Protein–protein interaction assayed using Proximity ligation assay. Plasmids encoding SOX8-WT or SOX8p.Glu156Asp were transiently expressed with WT-NR5A1 or SOX9 for 48 h in HEK293T cells. Protein–protein interaction of SOX8-WT and SOX8p.Glu156Asp with NR5A1 and SOX9 were analysed using the Duolink proximity ligation assay. Nuclei are stained with DAPI (blue) and Duolink signal representing interaction between the proteins is shown in green. Each green dot represents a single dimerization event.
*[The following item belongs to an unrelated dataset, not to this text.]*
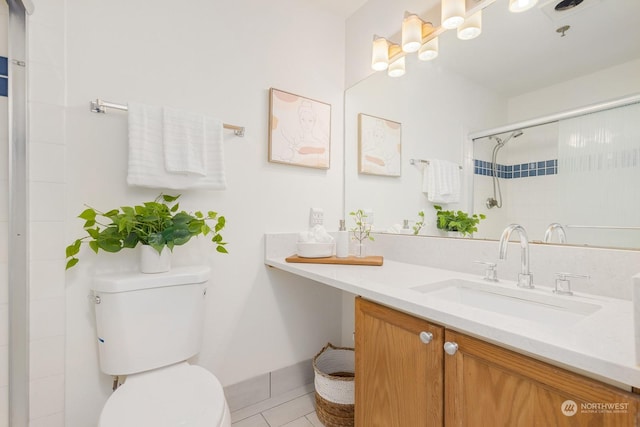 bathroom featuring vanity, toilet, walk in shower, and tile patterned floors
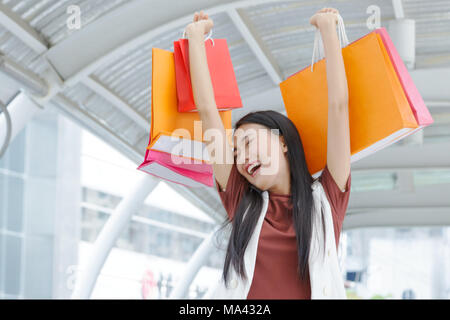Schöne Frauen Shopping genießen, lächelnde Frauen angehoben bunten Einkaufstaschen Stockfoto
Both the SOX8-WT and SOX8p.Glu156Asp proteins can physically interact with NR5A1. Whereas, although SOX8-WT protein can interact with SOX9, the SOX8p.Glu156Asp cannot.

Figure 7.

Schematic representation of the results of the in vitro assays for the SOX8p.Glu156Asp protein. (A) The mutant SOX8 protein has the ability to physically interact with the NR5A1 protein but in contrast to the WT-SOX8 protein does not synergize with NR5A1 to promote reporter gene activity using the Tesco enhancer as a target. (B) The mutant SOX8 protein does not physically interact with the SOX9 protein and shows a lack of synergy with SOX9/NR5A1 to promote reporter gene activity. (C) The SOX8 mutant protein also shows dominant negative activity by impairing promoter gene activity of the WT-SOX8 protein in synergy with NR5A1.